Among tandem heptapeptide repeats of the C-terminal domain (CTD) some do not match the Y-S-P-T-S-P-S consensus, the seventh serine residue 'Ser-7' being replaced by a lysine. 'Lys-7' in these non-consensus heptapeptide repeats can be alternatively acetylated, methylated and dimethylated. EP300 is one of the enzyme able to acetylate 'Lys-7'. Acetylation at 'Lys-7' of non-consensus heptapeptide repeats is associated with 'Ser-2' phosphorylation and active transcription. Regulates initiation or early elongation steps of transcription specially for inducible genes.
Methylated at Arg-1810 prior to transcription initiation when the CTD is hypophosphorylated, phosphorylation at Ser-1805 and Ser-1808 preventing this methylation. Symmetrically or asymmetrically dimethylated at Arg-1810 by PRMT5 and CARM1 respectively. Symmetric or asymmetric dimethylation modulates interactions with CTD-binding proteins like SMN1/SMN2 and TDRD3. SMN1/SMN2 interacts preferentially with the symmetrically dimethylated form while TDRD3 interacts with the asymmetric form. Through the recruitment of SMN1/SMN2, symmetric dimethylation is required for resolving RNA-DNA hybrids created by RNA polymerase II, that form R-loop in transcription terminal regions, an important step in proper transcription termination. CTD dimethylation may also facilitate the expression of select RNAs. Among tandem heptapeptide repeats of the C-terminal domain (CTD) some do not match the Y-S-P-T-S-P-S consensus, the seventh serine residue 'Ser-7' being replaced by a lysine. 'Lys-7' in these non-consensus heptapeptide repeats can be alternatively acetylated, methylated, dimethylated and trimethylated. Methylation occurs in the earliest transcription stages and precedes or is concomitant to 'Ser-5' and 'Ser-7' phosphorylation. Dimethylation and trimehtylation at 'Lys-7' of non-consensus heptapeptide repeats are exclusively associated with phosphorylated CTD.

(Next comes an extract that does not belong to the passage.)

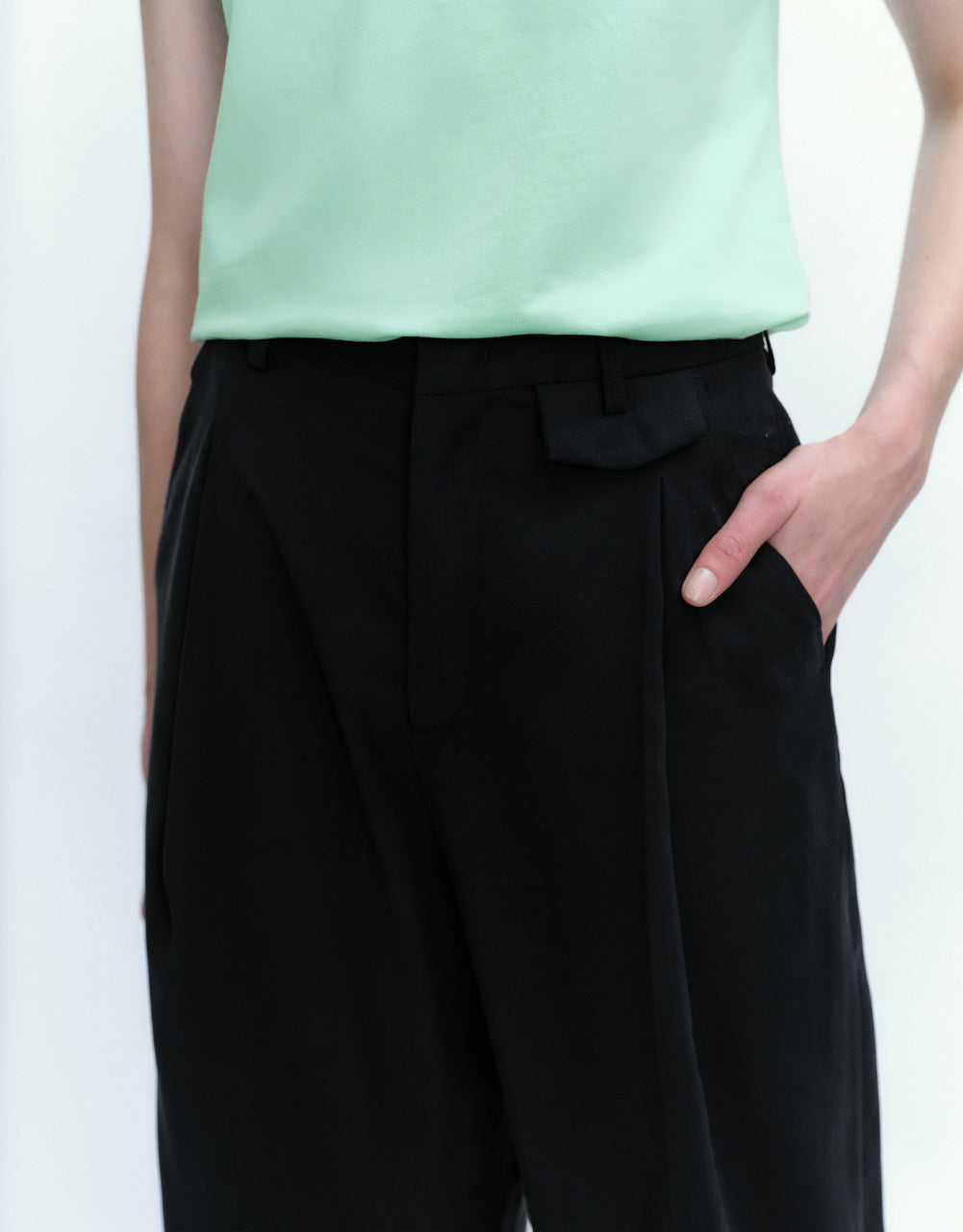 Thin Wide-Leg Pants
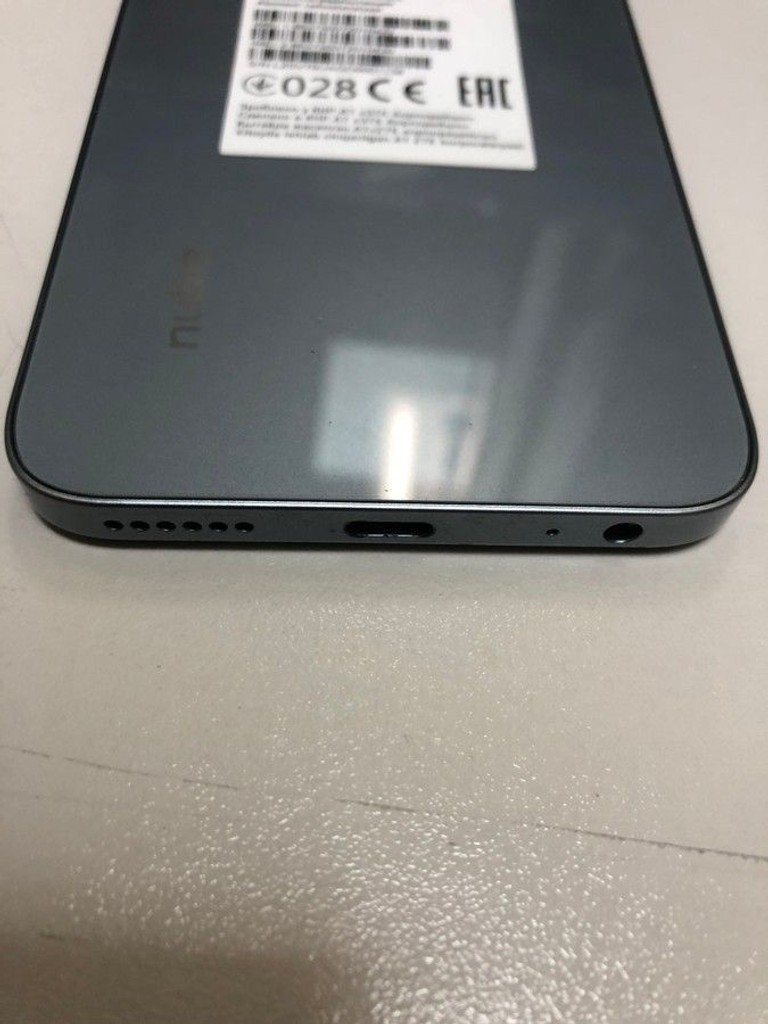 Дешево Zte Nubia V70 8/256GB Gray з ломбарду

Ubiquitinated by WWP2 leading to proteasomal degradation (By similarity). Following UV treatment, the elongating form of RNA polymerase II (RNA pol IIo) is ubiquitinated on UV damage sites without leading to degradation: ubiquitination is facilitated by KIAA1530/UVSSA and promotes RNA pol IIo backtracking to allow access to the nucleotide excision repair machinery.